Craft beer hop farm on Seabird territory preparing for first harvest

From Agassiz Harrison Observer, by Nina Grossman

Alisha Ilaender and Shane D. Toews of Fraser Valley Hop Farms are looking forward to their first-ever harvest this fall. The new hops-producing company hopes to help provide local supply options for breweries in B.C. and eventually the rest of Canada. (Nina Grossman/The Observer)

Founders have plans to become one of Canada’s largest hops suppliers

Nestled on Seabird Island land, under the abiding vigilance of Mount Cheam, sit rows and rows of tiny hop plants.

You have to kneel down and peer into the moist soil to find the little clusters of buds, poking up through the ground, beginning to wake up as warmer air hits the valley. By mid-April long cedar poles and aircraft wires will support thousands of Cascade and Centennial variety hops.

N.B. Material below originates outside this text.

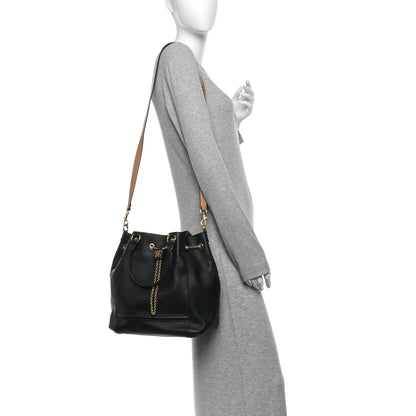 Fendi Vitello Grace King Karligraphy Chain Bucket Bag  Black Bisquit 2 of 15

The hops were planted by Fraser Valley Hop Farms Inc., a new hop production company founded in late 2016 by Shane D. Toews and Alex Blackwell, who took on a 25-year lease for 52 hectares of Seabird Island land. The entrepreneurs and their team spent most of 2017 setting up infrastructure on six hectares, and now, with the help of B.C. hops-producing legend Rick Knight, are preparing for their first harvesting year.